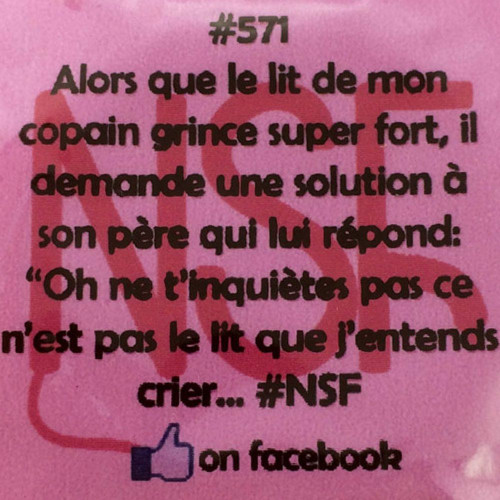 Préservatif humoristique Nuit sans folie 571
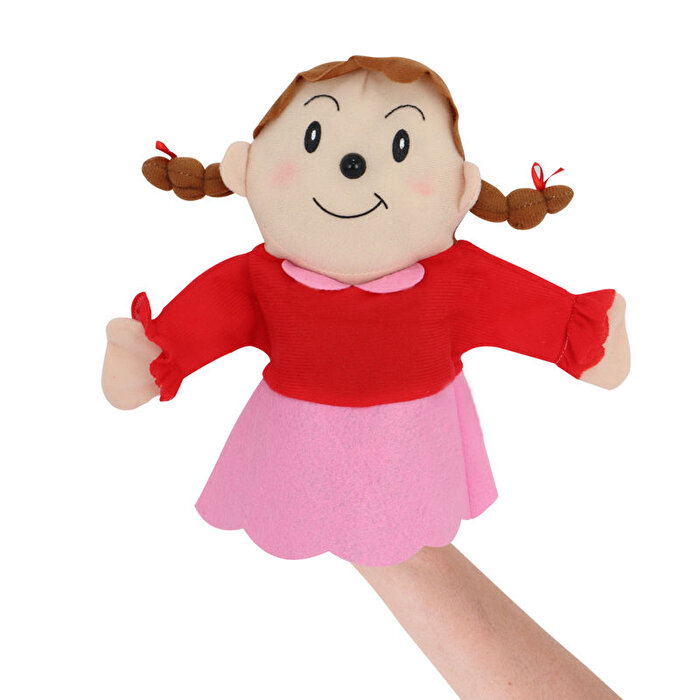 El Kuklası İnsan Figürleri Kız Kardeş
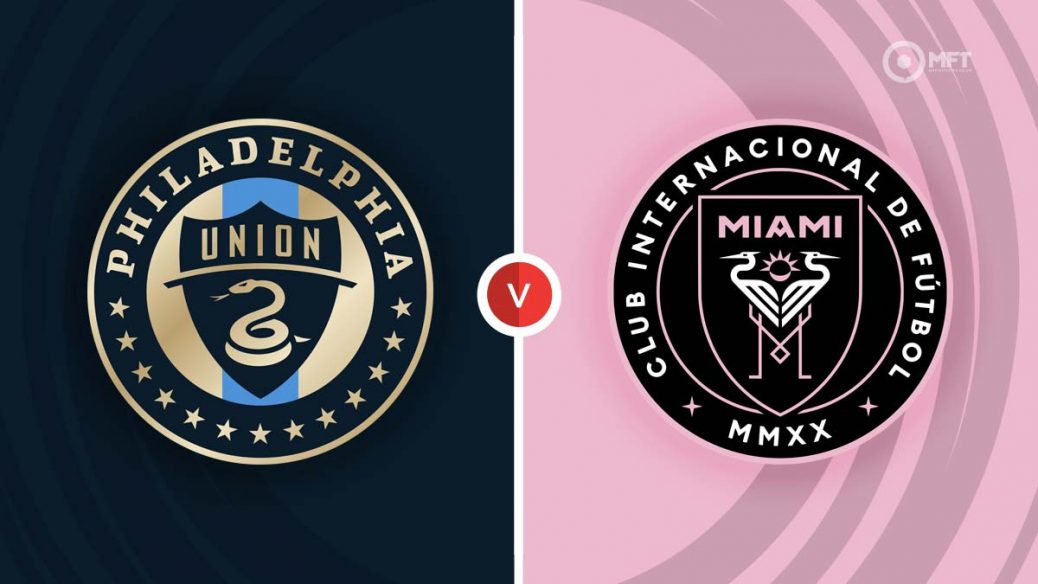 Inter Miami vs. Philadelphia Union prediction, betting odds for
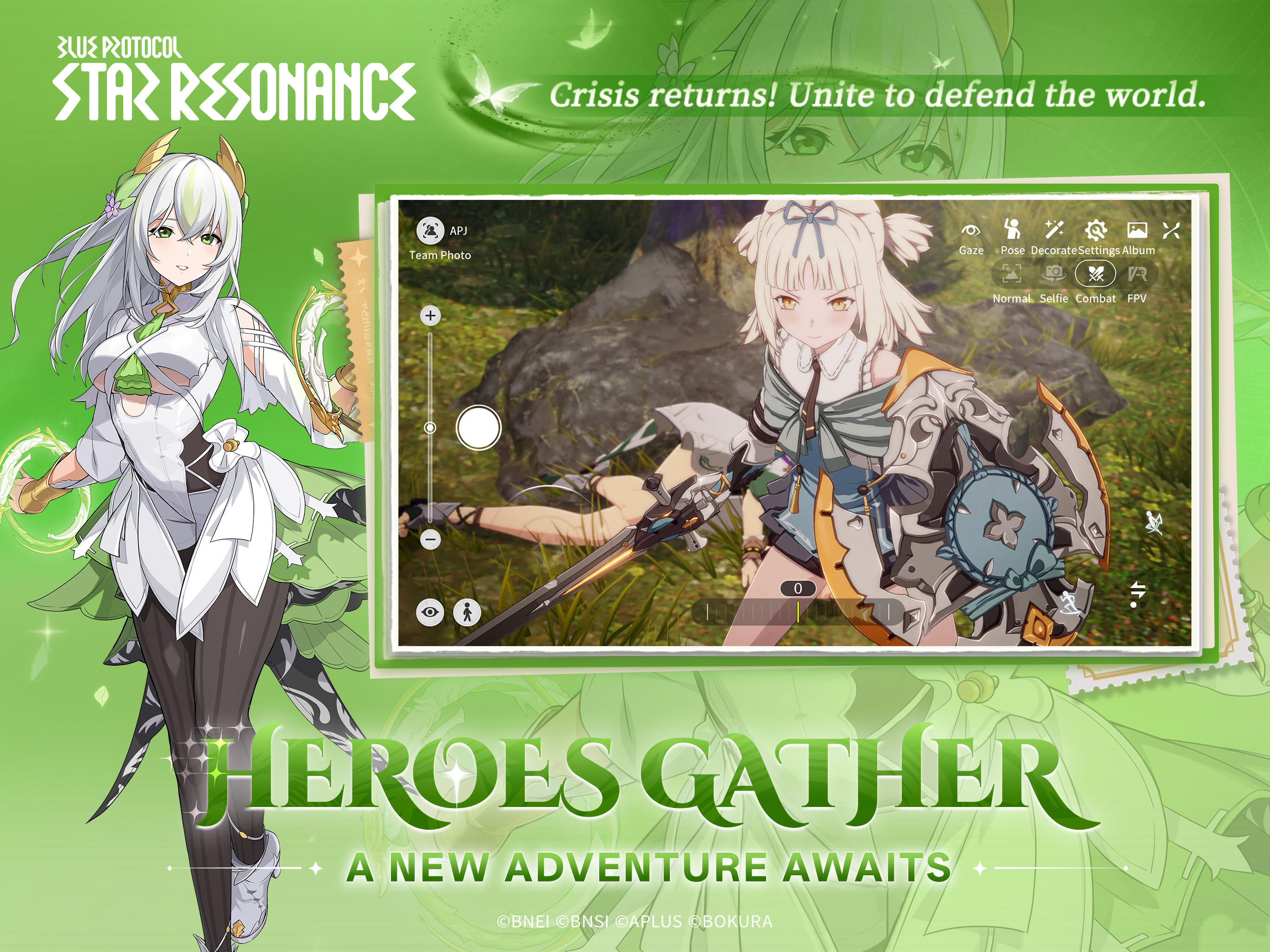 Blue Protocol: Star Resonance Game Screenshot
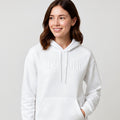 Ukraine Monochrome Hoodie (White)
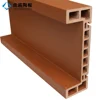 Customized extruded U-shape ceramic terracotta cladding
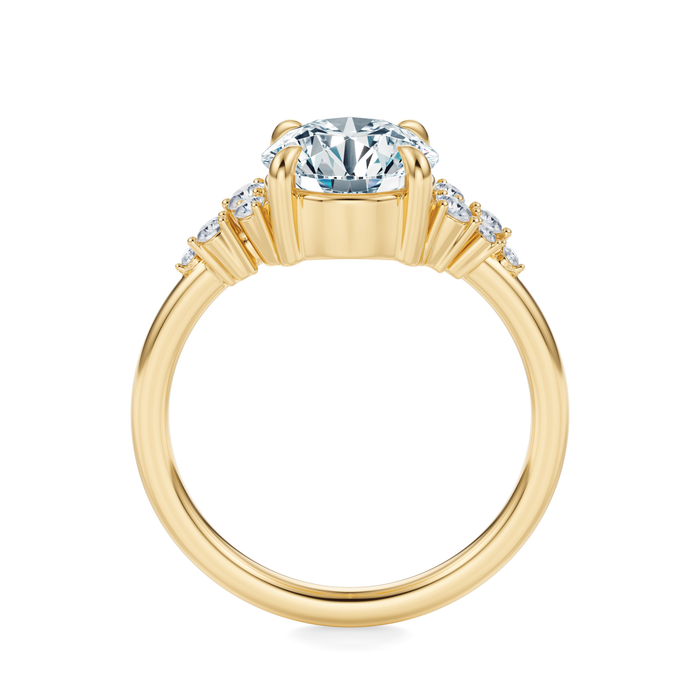 Bowery Engagement Ring Setting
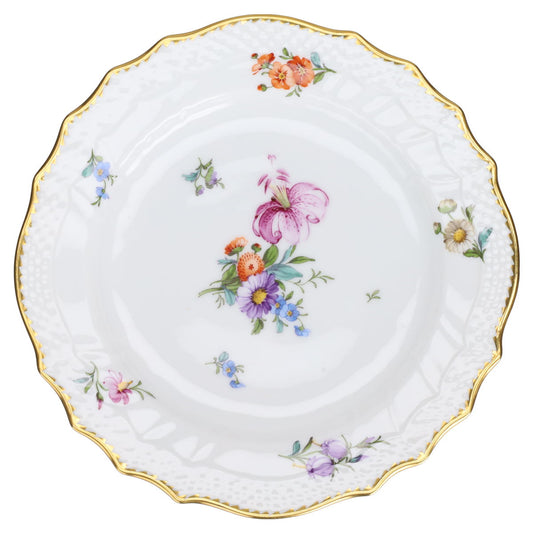 Kuchenteller klein 1625 in voller Blüte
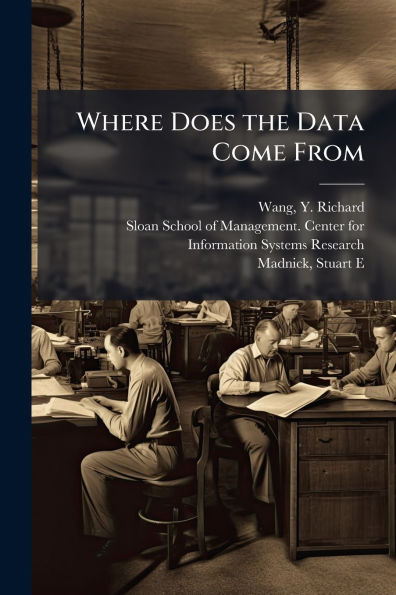 Where Does the Data Come From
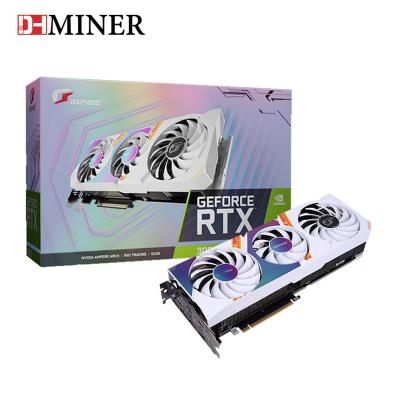 China Ti Workstation iGame GeForce RTX 3060 Bit GDDR6 NON LHR Ultra W OC 1770Mhz 8GB 256 Graphics Card RTX 3060 TI for sale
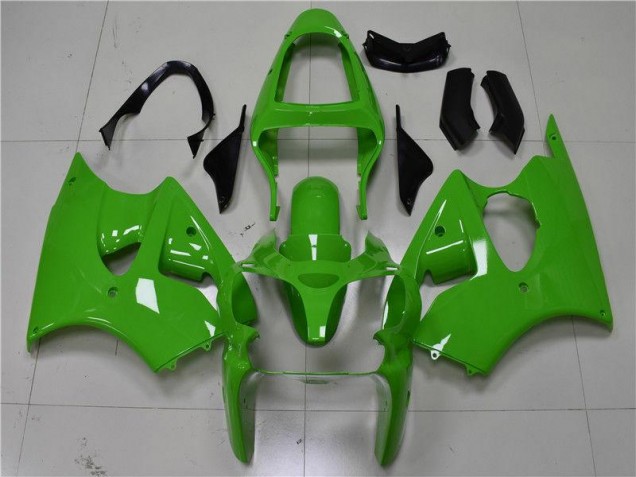 Carénages Moto ZX6R 00-02 - Vert Carénages Moto ZX6R 00-02 - Vert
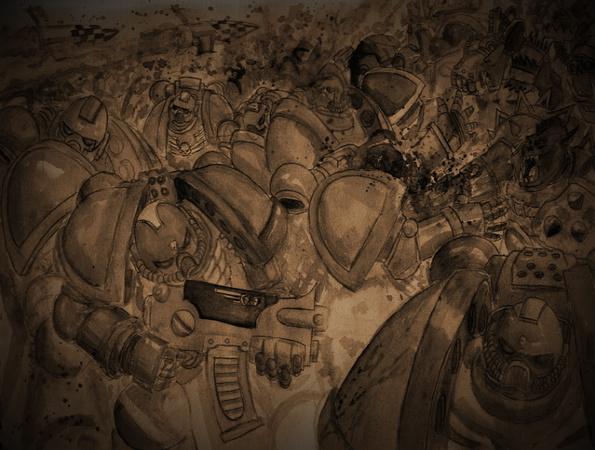 marine  battle c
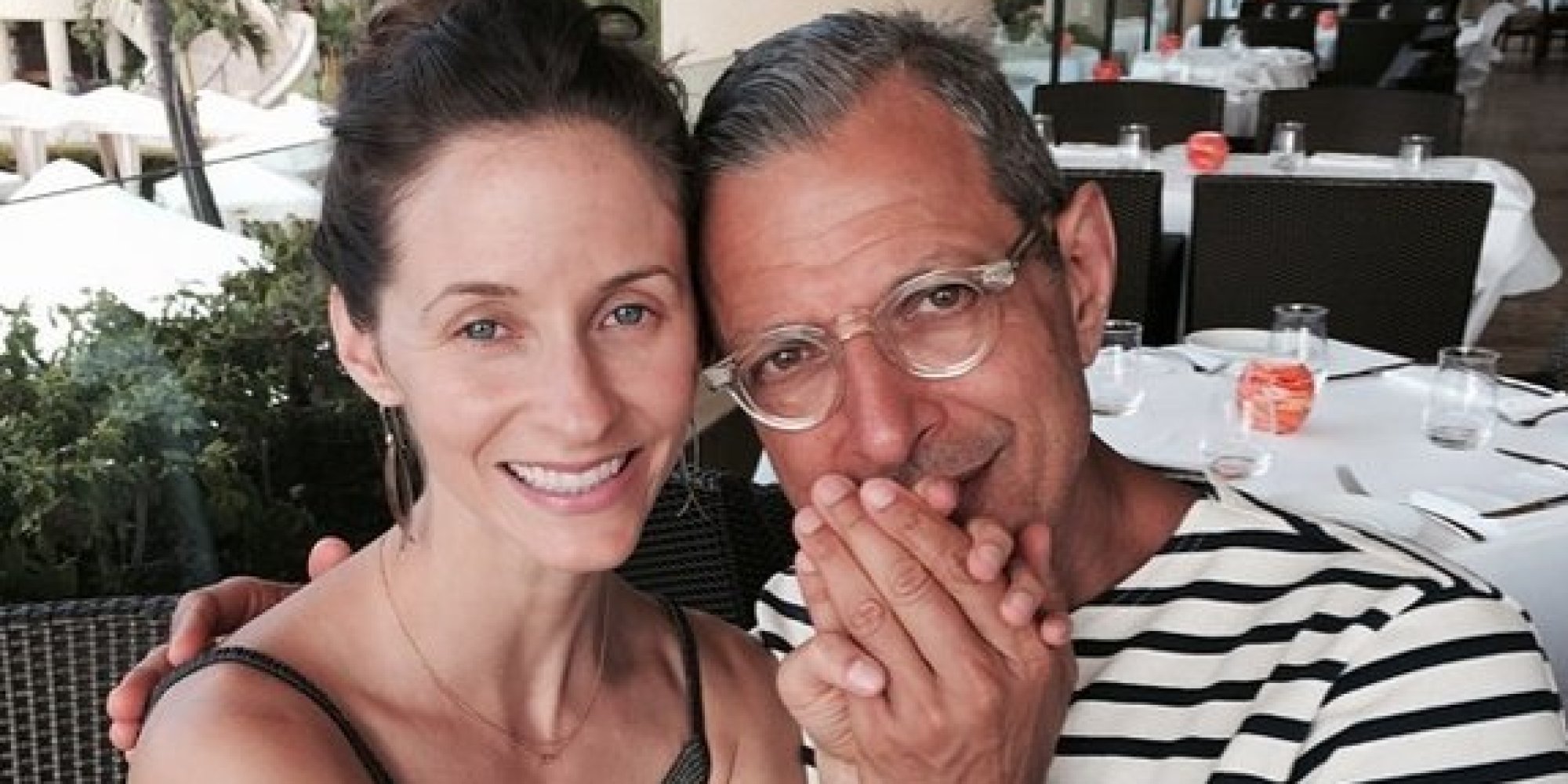 Jeff Goldblum Engaged To Much Younger Girlfriend HuffPost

### About this task:
Pictures stay out. Print the data exactly, from its first line through the line containing "Where Does the Data Come From".

### Response:
 Préservatif humoristique Nuit sans folie 571
 El Kuklası İnsan Figürleri Kız Kardeş
 Inter Miami vs. Philadelphia Union prediction, betting odds for
 Blue Protocol: Star Resonance Game Screenshot
 Ukraine Monochrome Hoodie (White)
 Customized extruded U-shape ceramic terracotta cladding
 Bowery Engagement Ring Setting
 Kuchenteller klein 1625 in voller Blüte
 Where Does the Data Come From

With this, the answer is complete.